El legislador Leandro García, del bloque Partido Justicialista – Nuevo Encuentro, planteó que el esquema vigente prioriza la llegada de inversiones sin garantizar transferencia tecnológica, integración con empresas locales ni generación de conocimiento. “Hay una asociación que se hace como libremente entre bajar impuestos, atraer inversiones y generar desarrollo, que la historia demuestra que no es tan así”, sostuvo.


Críticas al modelo y al rol del Estado

En ese sentido, remarcó que el rol del Estado resulta clave para condicionar a las empresas y asegurar valor agregado local. “Se necesita un Estado que acompañe y que exija que haya transferencia de tecnología, encadenamientos productivos e involucramiento de las universidades”, explicó.

García, quien no acompañó el proyecto a diferencia de su bloque que votó en forma positiva, también puso el foco en los convenios aprobados, que —según indicó— limitan la capacidad de la provincia para negociar mejores condiciones. Advirtió que estos acuerdos se extienden por 30 años y pueden condicionar la política pública de ocho futuros gobiernos. “Son convenios que limitan mucho la capacidad del Estado para generar condiciones de desarrollo”, afirmó.

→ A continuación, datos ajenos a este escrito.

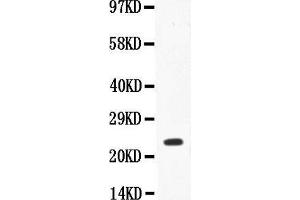 Anti-IL18 Picoband antibody,  All lanes: Anti-IL18 at 0.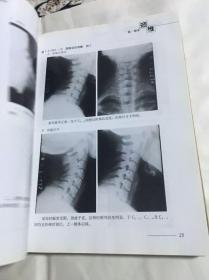 骨伤科影像读片解析-颈腰椎疾病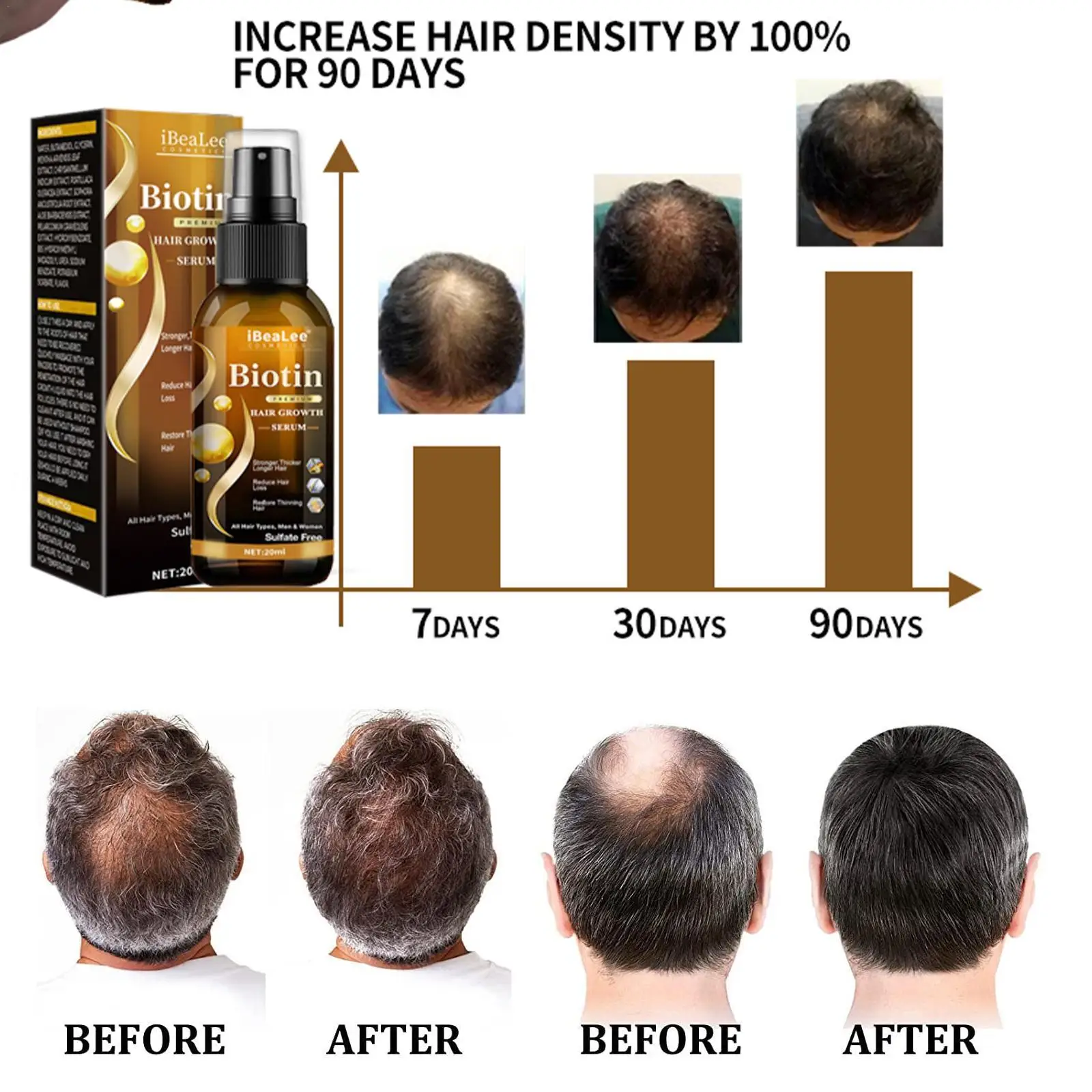 Hair Growth Products Biotin Fast Growing Hair Care Essential Oils Anti Hair Loss Spray Scalp Treatment For Men Women Hair Growth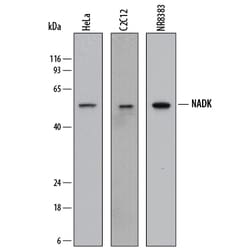 Human/Mouse/Rat NADK Antibody, R D Systems 100 &mu;g | Buy Online | R&D Systems | Fisher Scientific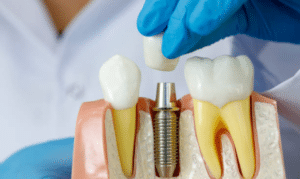 Dental Implant Midtown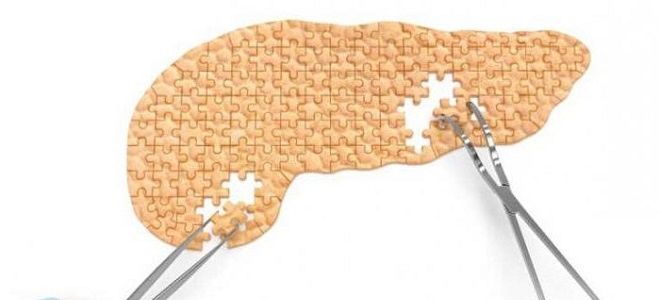 Можно ли умереть от панкреатита и как этого избежать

Ingresos, empleo y condiciones de negociación

Al mismo tiempo, señaló que los ingresos económicos derivados de estas inversiones apenas compensan una parte de los recursos perdidos por la provincia. “Los aportes que van a entrar representan apenas el 50% de lo que se perdió en coparticipación”, indicó, y agregó que el empleo generado es en gran parte temporal, vinculado a la etapa de construcción.

Sobre el proceso de negociación, sostuvo que Río Negro contaba con ventajas geográficas y logísticas que no fueron plenamente aprovechadas. “La provincia se paró en una posición de debilidad frente a las empresas”, planteó.

No obstante, reconoció algunos cambios en los últimos acuerdos. Destacó la incorporación de una planta de fraccionamiento, que podría generar empleo duradero, y la modificación de cláusulas que anteriormente trasladaban costos a la provincia en caso de que las empresas abandonaran los proyectos. “Esas cosas se pudieron corregir, lo que demuestra que había margen para negociar mejor”, señaló.

En comparación con experiencias anteriores, como el acuerdo con Chevron, García sostuvo que el contexto actual es diferente. “Hoy las inversiones vienen con ganancias más seguras, por lo que el Estado debería exigir más contraprestaciones”, explicó.

Finalmente, insistió en que el debate de fondo tiene que ver con el modelo de desarrollo que se busca para la provincia. “Lo que está en juego es la capacidad de generar industria, empleo y valor agregado en el territorio”, concluyó.